A procurare questa crescita, dice Massimo Feruzzi, amministratore unico di Jfc, due fattori. Da un lato l’aumento del numero dei comuni che applicano la tassa: nel 2019 sono state 72 le amministrazioni comunali che hanno introdotto ex novo questa imposta; dall’altro una serie di azioni che hanno rimodulato l’imposta nei comuni che già la applicavano, producendo maggiori introiti.

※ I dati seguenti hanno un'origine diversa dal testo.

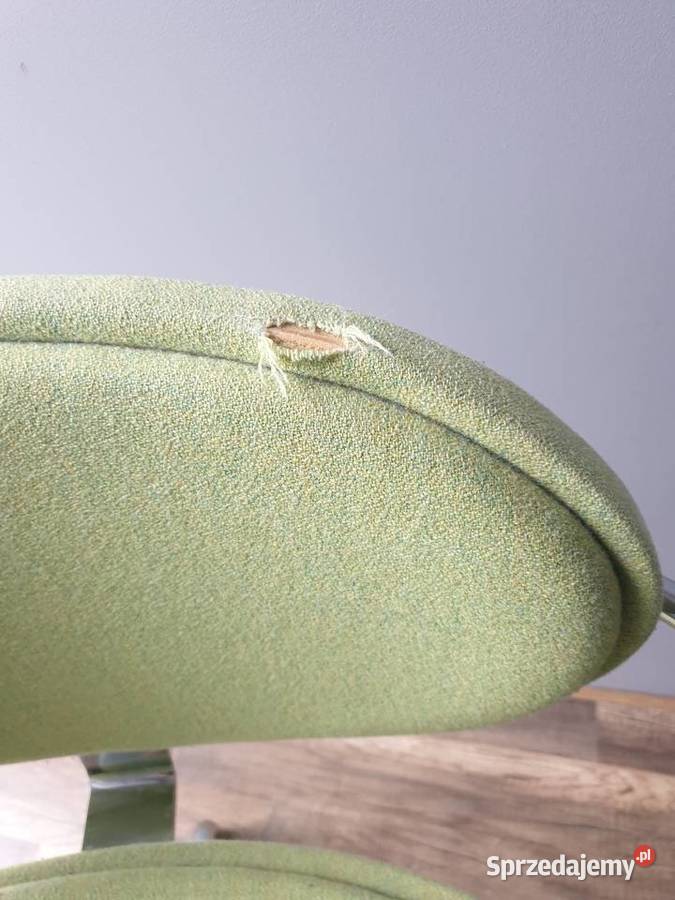 Fotel Obrotowy Zielony Przyszowa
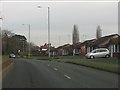 Bungalows on Henwood Road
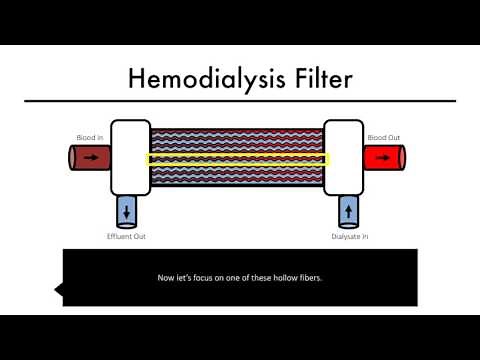 Hemodialysis Kinetics 101 02 The Hemodialysis Filter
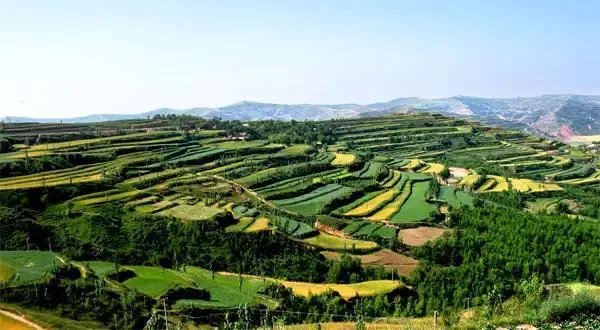 佛山与固原签订劳务合作协议的具体情况有哪些?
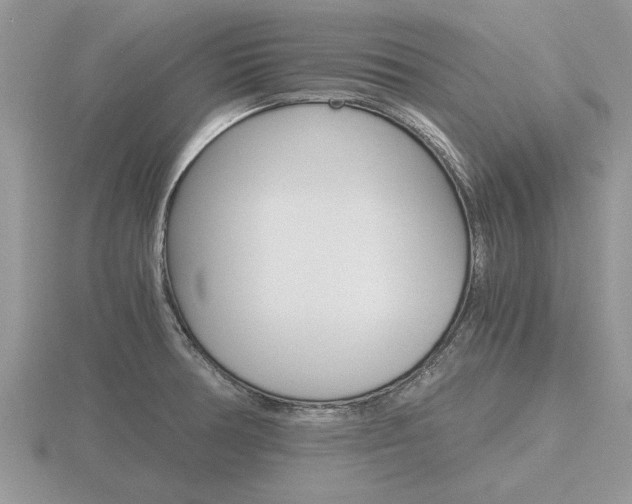 X0000116641378200912140936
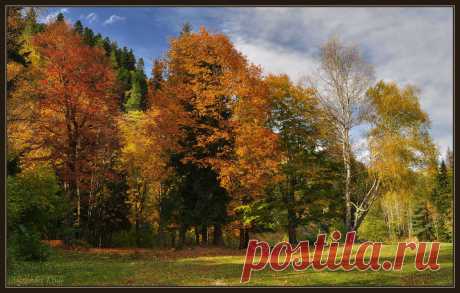 35PHOTO - Александр Круль (Туристтт) - Осеннее дефиле...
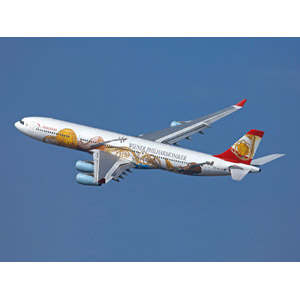 Unbranded Airbus A340 Vienna Philharmonics Plastic Kit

In particolare, la amministrazioni comunali hanno operato sull’ampliamento dei periodi di pagamento per le destinazioni stagionali, sul ritocco verso l’alto delle tariffe e sull’avvio di accordi con le piattaforme di home sharing per avere anche da loro il pagamento dell’imposta. Nel corso del 2019 sono state 318 le amministrazioni che hanno lavorato in questo modo sulla tassa e da qui, soprattutto, è arrivato il forte incremento registrato.
Secondo l’Osservatorio, anche il 2020 vedrà una crescita degli incassi provenienti dalla tassa, da un lato perché già nuovi comuni si stanno muovendo per imporla, dall’altro per gli incrementi già approvati da una serie di amministrazioni.
In particolare, Feruzzi segnala Firenze, che aumenterà le tariffe per chi dormirà in strutture Airbnb, hotel 3 stelle e strutture extralberghiere, Gallipoli, pronta ad aumentare di 50 centesimi l’imposta sugli hotel 4 e 5 stelle, Desenzano, con incrementi da 50 a 60 centesimi nelle strutture da 2 a 4 stelle.
E poi ci sono i comuni che guardano al futuro: Camaiore ha iniziato un percorso per decidere di imporre la tassa nel 2021.